Desde ese día ella no ha dejado de andar sin rumbo. Atraviesa la ciudad como una sombra, a veces va torcida y cojeando. Dicen que se jodió la pierna izquierda saltando de un balcón, por no pasar por el umbral de una puerta. No habla nunca pero si se te acerca no la escuches, ay de aquél que oye su canto. Hay quien piensa que desciende de las sirenas que embrujaban a los hombres de los barcos, si la escuchas te llevará con ella a su naufragio. Se entrega libre a la intemperie, le gusta quemarse en el asfalto hirviente del verano y los charcos crapulosos en el hielo del invierno. No está viva, ni tampoco muerta. Anda huyendo de la vida, sepultando en la basura su pasado y esquivando su futuro y las miradas de la gente. Devora el tiempo como fuego, quema cada instante del presente, del mismo modo que quema la plata con el chino, inhalando el humo de las horas y los fantasmas de su mente. Vive así, animal famélico y peligroso, presencia intermitente de los suburbios. Algunos dicen que nunca duerme. Sus orejas son sordas a comentarios, insultos  o juicios, pero ríe del que la compadece, pues sufre su condición de humana miseria, mientras que ella eligió libremente arrojarse a la calle y al sinsentido, y languidece en el gozo mefítico de ese destino miserable.
Es bicho despreciable, espectro de mujer, medio bruja silenciosa, loca, amenazante, habitadora de los límites, a su modo poderosa.
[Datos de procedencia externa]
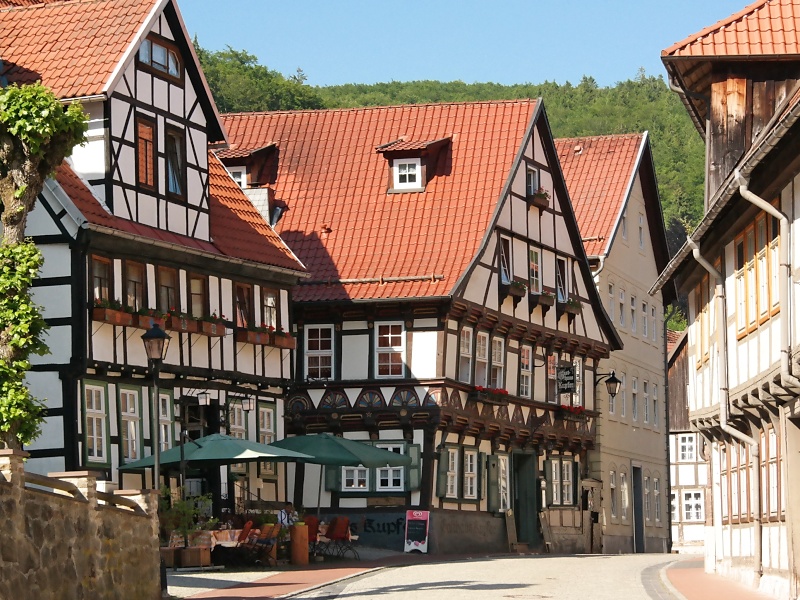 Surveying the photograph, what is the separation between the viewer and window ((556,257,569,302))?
4762cm

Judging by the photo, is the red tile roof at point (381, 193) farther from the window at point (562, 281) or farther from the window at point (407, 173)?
the window at point (562, 281)

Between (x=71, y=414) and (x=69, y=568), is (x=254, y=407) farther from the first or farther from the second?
(x=69, y=568)

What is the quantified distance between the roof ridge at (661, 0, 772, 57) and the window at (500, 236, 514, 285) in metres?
14.8

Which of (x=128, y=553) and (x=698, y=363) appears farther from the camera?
(x=698, y=363)

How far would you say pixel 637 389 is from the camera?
5769cm

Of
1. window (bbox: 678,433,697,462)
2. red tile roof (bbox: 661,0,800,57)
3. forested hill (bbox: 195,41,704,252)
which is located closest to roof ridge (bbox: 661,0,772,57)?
red tile roof (bbox: 661,0,800,57)

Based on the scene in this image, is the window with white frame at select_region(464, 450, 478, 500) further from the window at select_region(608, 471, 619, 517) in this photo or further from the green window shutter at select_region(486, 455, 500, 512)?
the window at select_region(608, 471, 619, 517)

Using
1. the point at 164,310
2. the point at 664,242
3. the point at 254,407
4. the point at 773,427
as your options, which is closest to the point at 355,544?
the point at 254,407

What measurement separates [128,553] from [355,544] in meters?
16.3

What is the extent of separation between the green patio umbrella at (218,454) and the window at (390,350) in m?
8.53

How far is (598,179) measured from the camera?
56.3m

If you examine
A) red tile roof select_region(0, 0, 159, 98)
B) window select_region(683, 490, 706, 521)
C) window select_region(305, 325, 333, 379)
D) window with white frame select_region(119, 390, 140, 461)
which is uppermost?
red tile roof select_region(0, 0, 159, 98)

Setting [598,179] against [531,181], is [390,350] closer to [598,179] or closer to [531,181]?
[531,181]

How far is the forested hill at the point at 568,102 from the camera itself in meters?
96.9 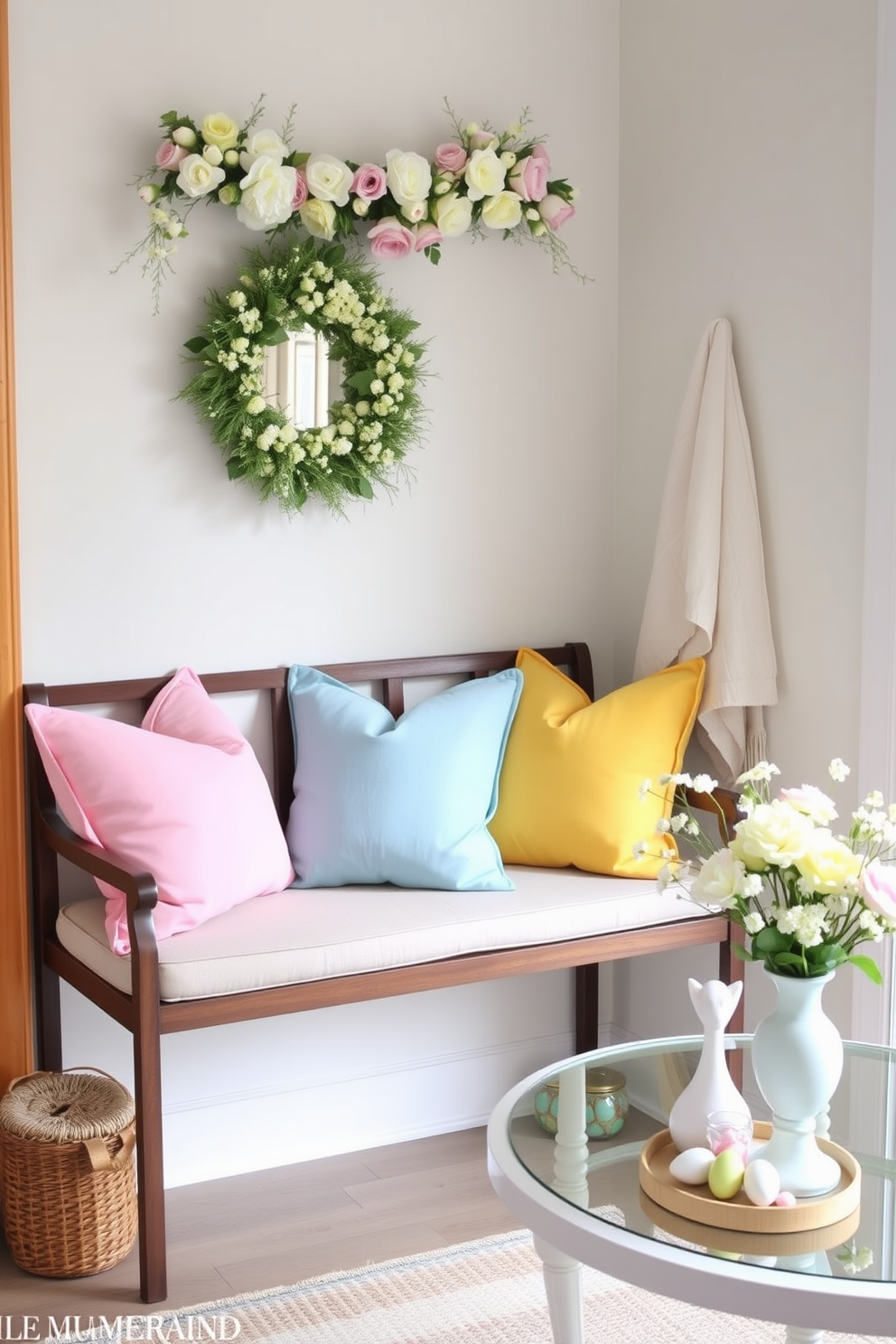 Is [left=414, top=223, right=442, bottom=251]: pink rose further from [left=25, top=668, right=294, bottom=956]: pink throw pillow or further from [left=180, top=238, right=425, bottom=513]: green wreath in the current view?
[left=25, top=668, right=294, bottom=956]: pink throw pillow

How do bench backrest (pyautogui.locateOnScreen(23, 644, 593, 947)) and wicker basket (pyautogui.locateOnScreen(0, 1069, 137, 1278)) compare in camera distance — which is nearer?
wicker basket (pyautogui.locateOnScreen(0, 1069, 137, 1278))

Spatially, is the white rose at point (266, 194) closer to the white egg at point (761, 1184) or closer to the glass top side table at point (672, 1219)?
the glass top side table at point (672, 1219)

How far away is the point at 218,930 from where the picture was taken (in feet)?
8.21

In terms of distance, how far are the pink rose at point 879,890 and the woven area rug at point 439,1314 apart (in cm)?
97

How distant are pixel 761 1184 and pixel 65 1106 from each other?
144cm

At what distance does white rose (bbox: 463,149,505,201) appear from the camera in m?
2.99

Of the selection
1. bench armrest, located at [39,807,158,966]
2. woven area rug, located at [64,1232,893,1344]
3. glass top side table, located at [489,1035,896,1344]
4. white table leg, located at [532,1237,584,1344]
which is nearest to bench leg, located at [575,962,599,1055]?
woven area rug, located at [64,1232,893,1344]

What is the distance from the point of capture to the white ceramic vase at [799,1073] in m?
1.71

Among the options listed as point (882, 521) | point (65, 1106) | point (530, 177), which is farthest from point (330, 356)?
point (65, 1106)

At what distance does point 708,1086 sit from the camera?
5.78ft

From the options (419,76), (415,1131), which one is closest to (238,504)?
(419,76)

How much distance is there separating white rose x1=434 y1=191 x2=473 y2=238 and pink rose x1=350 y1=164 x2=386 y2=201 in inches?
5.7

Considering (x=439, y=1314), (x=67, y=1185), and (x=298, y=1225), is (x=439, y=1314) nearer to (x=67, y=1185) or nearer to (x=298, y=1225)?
(x=298, y=1225)

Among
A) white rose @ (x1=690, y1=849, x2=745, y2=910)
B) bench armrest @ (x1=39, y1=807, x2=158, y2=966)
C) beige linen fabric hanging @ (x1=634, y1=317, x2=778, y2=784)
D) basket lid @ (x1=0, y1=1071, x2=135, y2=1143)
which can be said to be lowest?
basket lid @ (x1=0, y1=1071, x2=135, y2=1143) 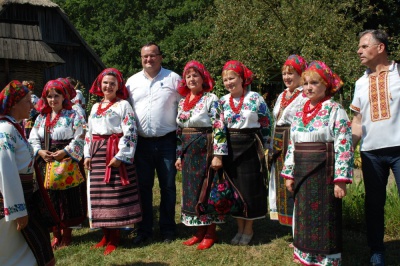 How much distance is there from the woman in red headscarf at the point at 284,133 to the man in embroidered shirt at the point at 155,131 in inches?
41.7

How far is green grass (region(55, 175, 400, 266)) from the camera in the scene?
4.06 metres

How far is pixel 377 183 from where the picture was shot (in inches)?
144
Cuando voy andando por la calle a veces me la cruzo y ella me planta por un instante sus ojos negros de bestia furiosa, ojos enormes de perra callejera se me clavan escupiéndome nsu rabia y sus reproches. Tengo miedo de que aparezca detrás de cualquier esquina esperándome para arrancarme la cara de un mordisco, para romperme la cabeza en el bordillo o arañarme la piel hasta que sangre.
Tengo miedo porque sé que entonces yo no podré defenderme ni proteger mi cuerpo de su furia. Recibiré pasiva su violencia.
Recibiré sus vejaciones en silencio y lo haré porque yo ya sé que yo soy ella. Ella vivió dentro de mi por mucho tiempo, antes de arrojarse por mi balcón a la intemperie, el día que le dije que la odiaba.
Entre las dos yo soy la mentirosa y la cobarde, ahora solo cuento sus historias convertidas en leyenda, como si no fuesen las mías. Me aterra reconocer que ella me falta y que la añoro en mi, reina tirana y loca. Me aterra pensar que jamás volveré a sentir lo que sentía con ella, asomarme a los abismos de lo incierto, reconocer el vértigo vital. Me aterra desear que vuelva. Ella solo va donde es bien recibida.